Siiri Fagerlund – the outsider who dares to ask difficult questions

2–4 minutes

read

When Siiri Fagerlund was a teenager, she walked away from competitive swimming. Partly, it was a question of priorities. School mattered to her, and balancing elite sport with everything else became increasingly difficult. But there was another reason too: the sporting environment no longer felt right. 

“I needed more support and more understanding,” she recalls. Years later, sport would draw her back. This time not as an athlete, but as a leader. 

Today, Siiri is the Executive Director of Helsingin Luistelijat, Finland’s largest figure skating club. Before entering the world of sports management, she spent eight years building a career in communications. 
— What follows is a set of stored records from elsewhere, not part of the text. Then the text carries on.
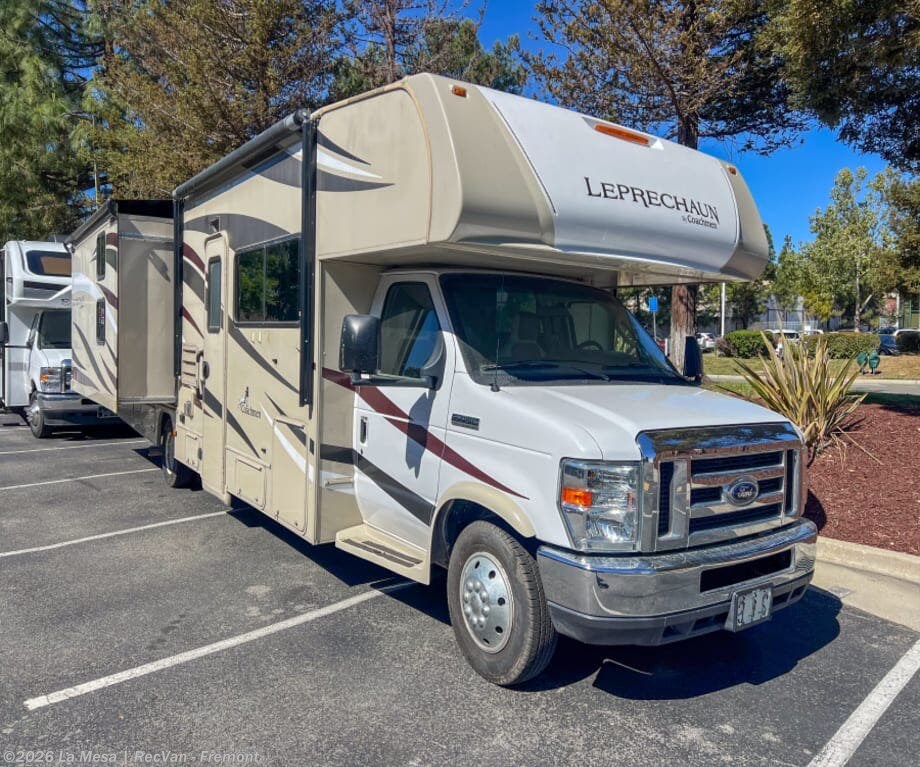 Used 2018 Coachmen Leprechaun 320BH available in Fremont, California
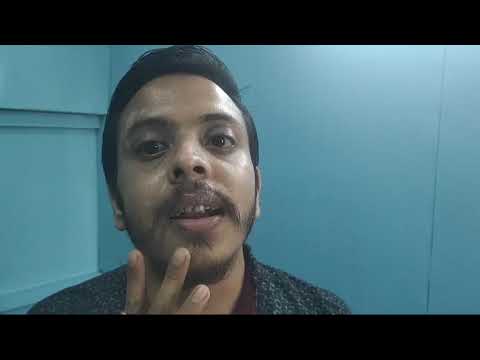ENT Consultation & Patient Recovery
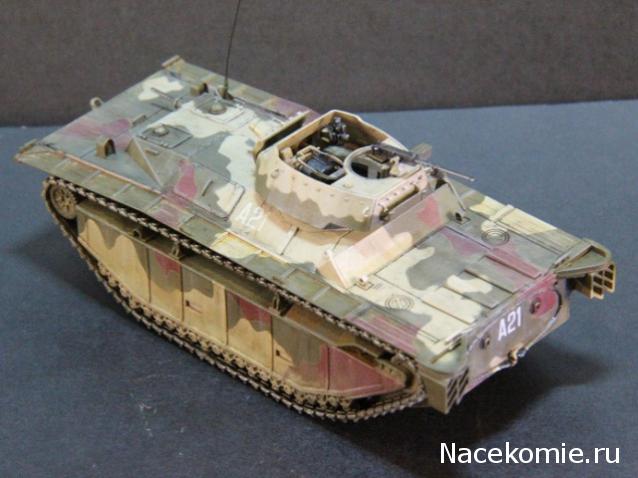 Танки Мира Коллекция - График выхода и обсуждение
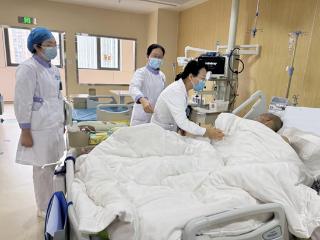 5·12护士节｜贵州16万“白衣天使”守护人民健康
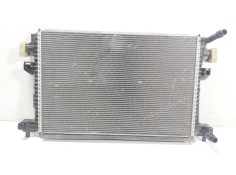 Recambio de radiador agua para seat ateca (kh7, khp) 1.5 tsi referencia OEM IAM 5Q0121251HQ 5Q0121251HQ 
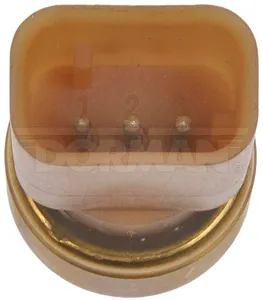 Dayton Parts 904-7013 Engine Block Oil Inlet Pressure Sensor — 2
Her return to sport began after moving to a new city and joining a local masters swimming group. There, she experienced something very different from her teenage years: a supportive coach, a strong sense of belonging and a community that quickly became part of her everyday life. 

“That kind of kick-started me getting more and more involved in swimming again,” says Siiri. What started as a hobby soon led to coaching, volunteer leadership roles and eventually a career change. 
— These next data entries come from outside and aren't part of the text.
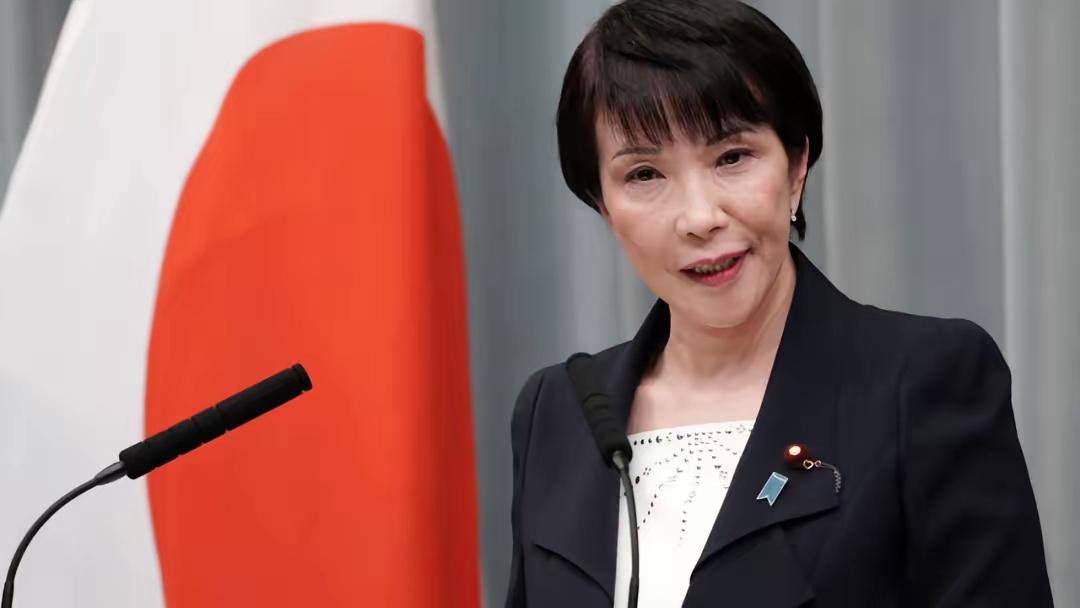 七党联合拦路！高市早苗的首相梦，是“碎了”还是“悬了”？
 
“高市早苗首相梦将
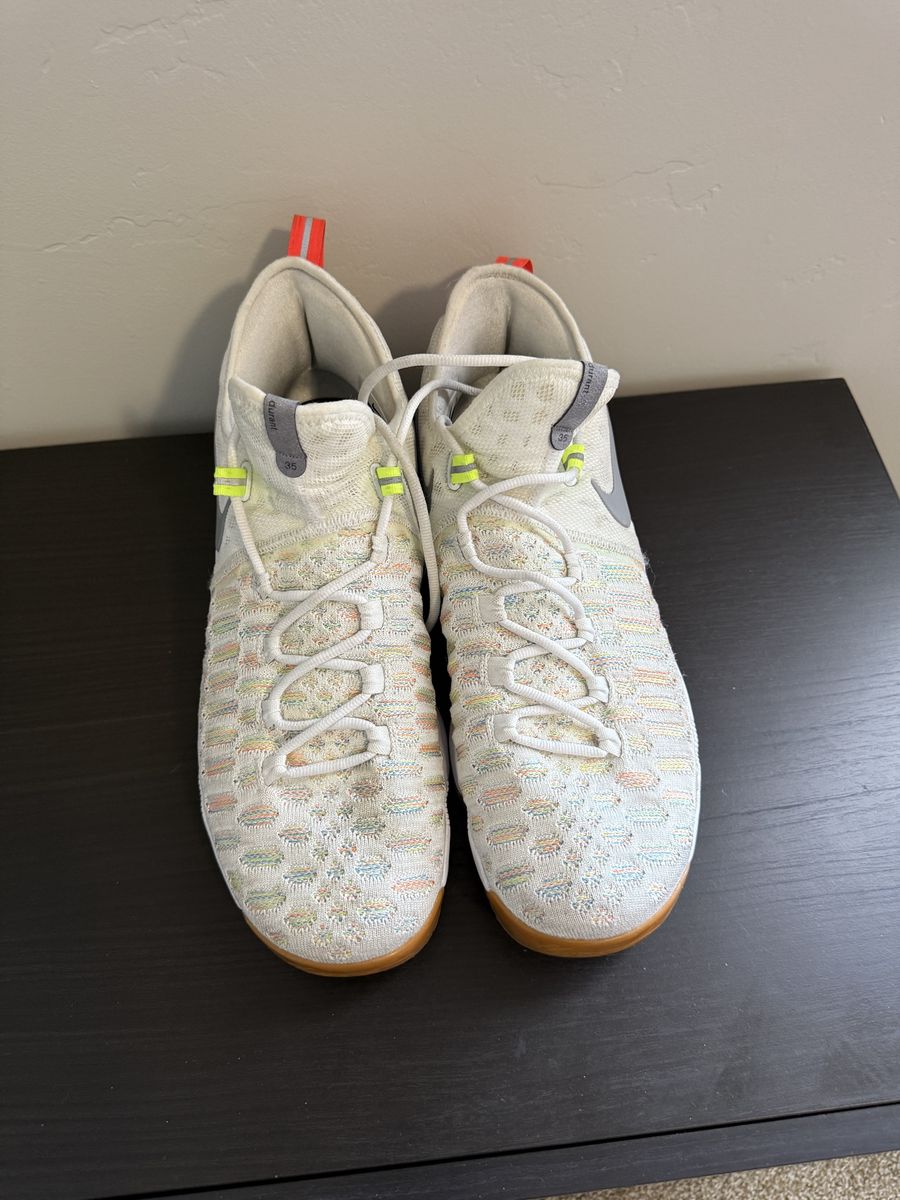 Nike KD9 Summer Pack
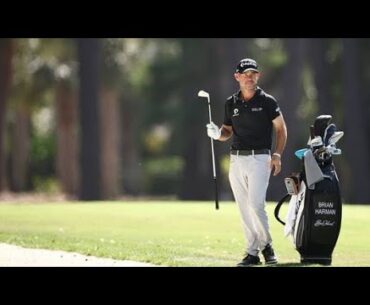 Brian Harman makes thoughts clear on PGA Tour rule change after the Masters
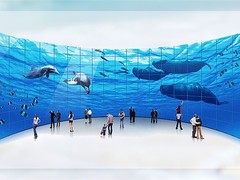 济南led制作公司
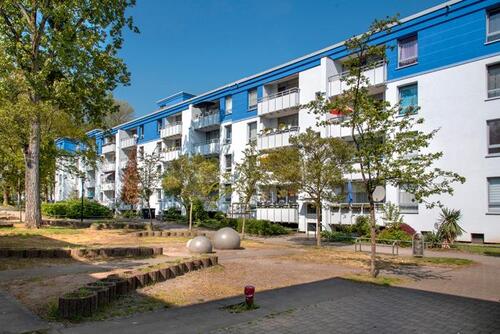 Foto - 'Die Hauptstadt für KINDER' - Und wir bieten die passende Familienwohnung!
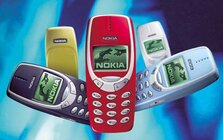 Nokia 3310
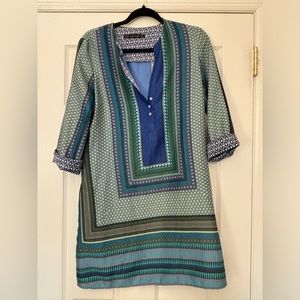 Zara tunic
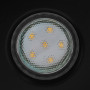 Витяжка декоративна Похила Perfelli DN 6672 A 1000 BL / I LED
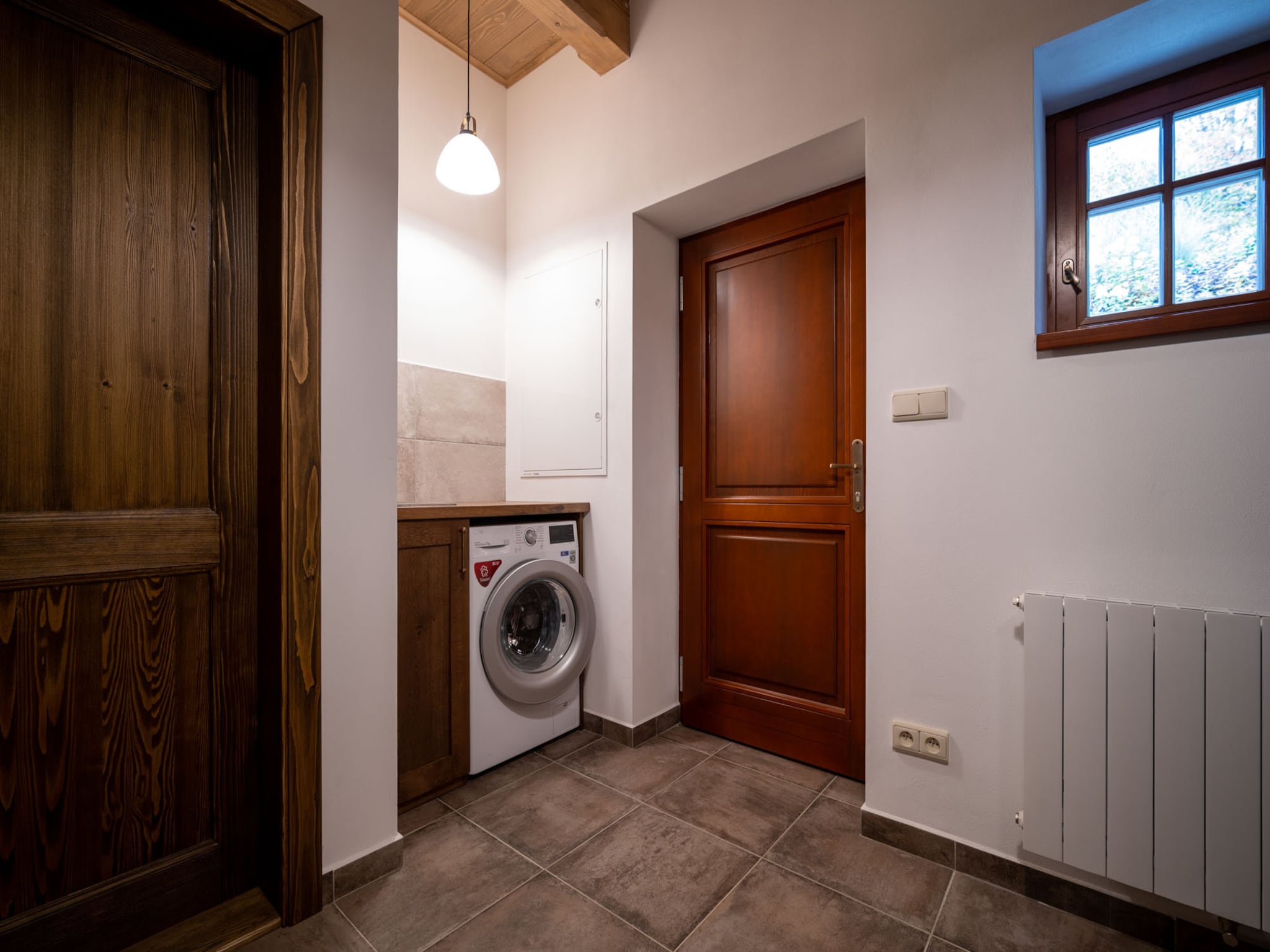Casa de vacaciones Vysoke nad Jizerou KKH070
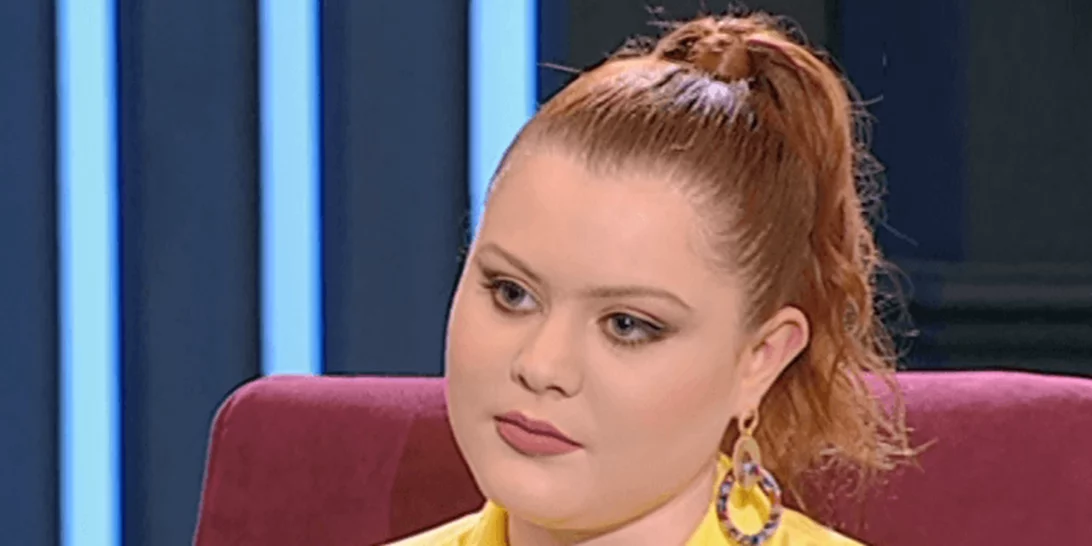 Ξανθή Τζερεφού | Η εξομολόγηση στη Μελέτη για το πρόβλημα υγείας της & την ανήθικη πρόταση που δέχθηκε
An outsider’s perspective 

Today, creating better environment for athletes is at the heart of her work. “I want sport to become more athlete focused.” For Siiri, that means giving young athletes time to develop, protecting the enjoyment of sport and helping coaches better understand the needs of young people. 
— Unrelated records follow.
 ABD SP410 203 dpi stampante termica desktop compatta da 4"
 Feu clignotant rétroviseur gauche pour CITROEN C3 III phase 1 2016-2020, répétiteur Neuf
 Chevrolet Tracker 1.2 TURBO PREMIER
Her own experiences continue to shape that mission. In both swimming and figure skating, she has seen the pressures that can lead to burnout, injuries and athletes leaving sport too early. 

“I came into figure skating from the outside, and because of that people listen. I am allowed to ask difficult questions,” she says. Being an outsider has given her a perspective that insiders sometimes lack. Rather than accepting established practices simply because they have always existed, she is willing to challenge assumptions and ask whether they truly serve athletes. 

The same willingness to question norms has shaped her experience as a leader. Working in both the corporate and sports worlds, she has encountered expectations about how women should behave: be capable, but not too visible; ambitious, but not too outspoken

One comment, intended as a compliment, has stayed with her. “You’ve got some balls,” someone once told her. The remark was meant to acknowledge her decisiveness, resilience and willingness to take responsibility. Yet for Siiri, it also revealed how deeply leadership qualities are still associated with masculinity.  

“I understood what they meant,” she says. “But I’d rather we simply recognised those qualities for what they are: leadership.” 

For her, effective leadership is not about gender. It is about having the courage to make decisions, ask difficult questions and stand by your values. Those qualities belong to good leaders, regardless of whether they are women or men. 

Building a more sustainable sporting culture 

When asked what she hopes for the future of sport, Siiri’s answer returns to the idea that brought her back in the first place: enjoyment, belonging and the freedom to follow different paths.  “Have fun and allow space for different paths.” 

For Siiri, elite sport and lifelong participation are not opposites. They are part of the same ecosystem. “When we nurture passion at every level, we create stronger athletes, more committed coaches and more sustainable communities.” 

It is a philosophy shaped by her own journey: from a young athlete who felt she needed more support to a leader working to ensure that the next generation receives exactly that.